Use long long (or int64_t, ssize_t, whatever you prefer) instead of NonLoc here because it's easier to handle them (and you don't work with symbolic offsets anyway).

What happens here in the case when TypeSizeInChars.isZero() holds?

I see that you used a ternary operator to avoid division by zero; but do you get a meaningful and valid offset value in the case when MPI_Request has zero size and you use TypeSizeInBits == 8?

I understand that the divisior does not matter in the case when RequestRegionOffset.getOffset() is zero; but if I understand it correctly this offset value can be nonzero even in the case when MPI_Request has zero size. (Under the hood it calls MemRegion::getAsOffset() which may include the offset of e.g. a data member of an object.)

ATM I believe the code assumes that MR->getRegion() equals to SuperRegion, which might not be always the case.

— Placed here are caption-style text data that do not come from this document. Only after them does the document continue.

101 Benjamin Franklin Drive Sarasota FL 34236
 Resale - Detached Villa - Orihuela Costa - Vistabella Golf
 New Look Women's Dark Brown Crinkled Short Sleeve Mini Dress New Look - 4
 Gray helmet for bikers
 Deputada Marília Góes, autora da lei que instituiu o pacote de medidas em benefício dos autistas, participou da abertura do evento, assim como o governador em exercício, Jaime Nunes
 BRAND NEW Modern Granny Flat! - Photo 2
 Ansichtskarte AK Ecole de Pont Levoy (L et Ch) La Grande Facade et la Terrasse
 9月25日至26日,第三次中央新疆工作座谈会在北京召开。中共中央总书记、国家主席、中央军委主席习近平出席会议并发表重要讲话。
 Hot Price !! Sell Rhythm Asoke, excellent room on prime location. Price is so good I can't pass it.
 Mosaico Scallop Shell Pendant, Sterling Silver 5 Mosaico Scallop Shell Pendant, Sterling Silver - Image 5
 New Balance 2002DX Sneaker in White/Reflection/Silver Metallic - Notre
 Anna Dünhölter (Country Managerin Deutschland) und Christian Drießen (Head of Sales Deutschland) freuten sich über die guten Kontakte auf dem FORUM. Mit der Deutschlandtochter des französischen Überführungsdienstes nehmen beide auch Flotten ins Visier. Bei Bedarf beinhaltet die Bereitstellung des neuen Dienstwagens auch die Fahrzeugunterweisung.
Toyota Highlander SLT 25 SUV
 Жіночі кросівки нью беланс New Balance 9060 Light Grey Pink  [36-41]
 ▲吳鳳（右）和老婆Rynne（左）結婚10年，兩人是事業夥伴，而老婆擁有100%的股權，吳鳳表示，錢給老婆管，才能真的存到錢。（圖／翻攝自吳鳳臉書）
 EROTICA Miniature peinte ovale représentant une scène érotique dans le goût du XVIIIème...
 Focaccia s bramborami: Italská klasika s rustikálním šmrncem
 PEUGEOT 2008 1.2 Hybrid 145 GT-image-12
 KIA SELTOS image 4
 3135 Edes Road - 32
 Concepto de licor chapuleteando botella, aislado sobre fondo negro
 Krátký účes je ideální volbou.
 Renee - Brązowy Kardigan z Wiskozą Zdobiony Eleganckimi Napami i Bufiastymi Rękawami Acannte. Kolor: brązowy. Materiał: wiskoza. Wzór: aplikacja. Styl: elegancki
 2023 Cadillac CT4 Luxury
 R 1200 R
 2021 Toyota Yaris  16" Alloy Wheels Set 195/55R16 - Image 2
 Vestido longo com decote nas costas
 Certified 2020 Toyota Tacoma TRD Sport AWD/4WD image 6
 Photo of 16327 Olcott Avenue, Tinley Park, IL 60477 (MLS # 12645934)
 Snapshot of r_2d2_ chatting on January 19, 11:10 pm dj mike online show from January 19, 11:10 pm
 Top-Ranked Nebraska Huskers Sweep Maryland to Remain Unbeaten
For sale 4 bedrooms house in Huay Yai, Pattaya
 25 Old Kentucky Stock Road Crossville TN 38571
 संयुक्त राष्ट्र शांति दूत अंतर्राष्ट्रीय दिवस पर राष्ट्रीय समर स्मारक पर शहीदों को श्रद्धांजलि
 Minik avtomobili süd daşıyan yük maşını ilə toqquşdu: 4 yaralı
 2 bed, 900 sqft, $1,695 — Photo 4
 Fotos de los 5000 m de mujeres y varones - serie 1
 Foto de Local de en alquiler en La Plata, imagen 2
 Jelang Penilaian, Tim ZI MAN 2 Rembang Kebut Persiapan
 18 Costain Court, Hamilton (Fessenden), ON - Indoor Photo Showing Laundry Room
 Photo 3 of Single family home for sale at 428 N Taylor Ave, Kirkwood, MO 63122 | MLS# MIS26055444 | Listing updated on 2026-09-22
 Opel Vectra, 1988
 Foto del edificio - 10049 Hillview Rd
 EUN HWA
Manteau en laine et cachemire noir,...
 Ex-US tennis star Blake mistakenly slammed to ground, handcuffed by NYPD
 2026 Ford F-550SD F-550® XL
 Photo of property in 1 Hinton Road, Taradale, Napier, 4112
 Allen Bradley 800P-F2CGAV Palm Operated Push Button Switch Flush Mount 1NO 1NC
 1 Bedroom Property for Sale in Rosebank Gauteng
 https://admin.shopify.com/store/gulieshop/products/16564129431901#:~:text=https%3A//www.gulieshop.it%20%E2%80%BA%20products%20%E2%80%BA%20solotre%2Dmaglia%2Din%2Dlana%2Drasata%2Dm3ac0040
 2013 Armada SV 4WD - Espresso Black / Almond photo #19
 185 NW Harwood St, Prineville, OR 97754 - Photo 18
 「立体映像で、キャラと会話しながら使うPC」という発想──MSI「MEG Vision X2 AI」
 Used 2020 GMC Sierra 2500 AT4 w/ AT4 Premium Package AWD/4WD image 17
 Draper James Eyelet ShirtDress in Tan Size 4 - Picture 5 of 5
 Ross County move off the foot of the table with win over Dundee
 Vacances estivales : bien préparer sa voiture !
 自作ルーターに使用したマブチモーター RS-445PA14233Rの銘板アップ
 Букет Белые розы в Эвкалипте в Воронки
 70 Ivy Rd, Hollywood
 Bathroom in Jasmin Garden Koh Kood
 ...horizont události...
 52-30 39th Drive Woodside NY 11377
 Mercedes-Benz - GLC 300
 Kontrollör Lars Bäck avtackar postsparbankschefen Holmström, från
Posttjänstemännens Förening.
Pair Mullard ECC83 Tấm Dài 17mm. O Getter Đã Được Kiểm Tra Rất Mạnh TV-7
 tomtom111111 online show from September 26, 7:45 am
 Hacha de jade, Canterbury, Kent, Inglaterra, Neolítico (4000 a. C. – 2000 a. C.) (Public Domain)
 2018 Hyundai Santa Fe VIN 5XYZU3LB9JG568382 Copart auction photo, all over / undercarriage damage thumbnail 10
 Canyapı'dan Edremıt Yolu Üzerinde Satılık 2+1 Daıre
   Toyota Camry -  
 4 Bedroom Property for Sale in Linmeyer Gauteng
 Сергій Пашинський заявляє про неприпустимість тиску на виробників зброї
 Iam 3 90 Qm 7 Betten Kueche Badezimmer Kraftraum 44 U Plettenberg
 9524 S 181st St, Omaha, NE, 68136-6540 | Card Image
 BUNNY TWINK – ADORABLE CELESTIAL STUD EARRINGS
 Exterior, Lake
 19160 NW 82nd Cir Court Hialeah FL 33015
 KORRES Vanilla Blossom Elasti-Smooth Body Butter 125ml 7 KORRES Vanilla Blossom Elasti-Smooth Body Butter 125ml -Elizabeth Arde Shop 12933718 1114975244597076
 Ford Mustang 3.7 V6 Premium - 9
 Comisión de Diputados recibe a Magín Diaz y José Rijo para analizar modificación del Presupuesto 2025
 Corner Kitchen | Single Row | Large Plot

This remark of @steakhal highlights a problem which is still present in your code: when you calculate SuperRegion you strip a single ElementRegion layer; while the offset that you get via getDynamicElementCountWithOffset() is calculated from MemRegion::getAsOffset() which can strip multiple ElementRegion, FieldRegion etc. layers.

Unfortunately the memory region API of Clang Static Analyzer is very inconsistent and quirky; you must dig deep into the implementation to understand the exact meaning of these function calls.

For example, if you have a data type like

struct ReqStruct {
    int custom_info;
    MPI_Request reqs[8];
} rs;

then the SuperRegion will refer to the immediate parent of the ElementRegion (which is presumably the FieldRegion corresponding to reqs); but the offset value is measured from the start of the VarRegion corresponding to the variable rs (and includes sizeof(int) + potential padding due to the presence of custom_info).

I think the correct solution would measure the offset from the start of the array of MPI_Request objects; because if you measure it from the start of the struct, then you may encounter serious issues, e.g. there is no guarantee that the offset will be divisible by the size of MPI_Request.

Unfortunately this would mean that you cannot rely on the logic of getDynamicElementCountWithOffset(); and I don't see a clear way to generalize that library function to limit the number/type of region layers that it strips.

Here I don't see a clear way forward, as the two potential solutions are a deep rewrite that complicates the library code and a creating a locally tweaked duplicate of the library logic -- and these both have serious drawbacks.

Paranoid remark: if these count values are both very large (e.g. negative numbers converted to size_t), then this loop could hang for a long time and/or exhaust the memory. Consider adding a hard limit on the number of iterations.

If you represent RegionOffset as a long long, you can replace this complicated evalBinOp with a simple SVB.makeArrayIndex(i + RegionOffset);.

Note: @steakhal already suggested this improvement in the earlier remark

My guess is that we only care about if MROffset is a concrete int, thus we could also just do this assidion in regular c++ and just transfer the result into the symbolic domain.

which referred to an older variant of your patch.

Please add a dummy field above the other fields to verify that the offsets are handled correctly. For example, char request_name[99]; would be sufficiently large to highlight errors.

This change could be applied in other tests as well.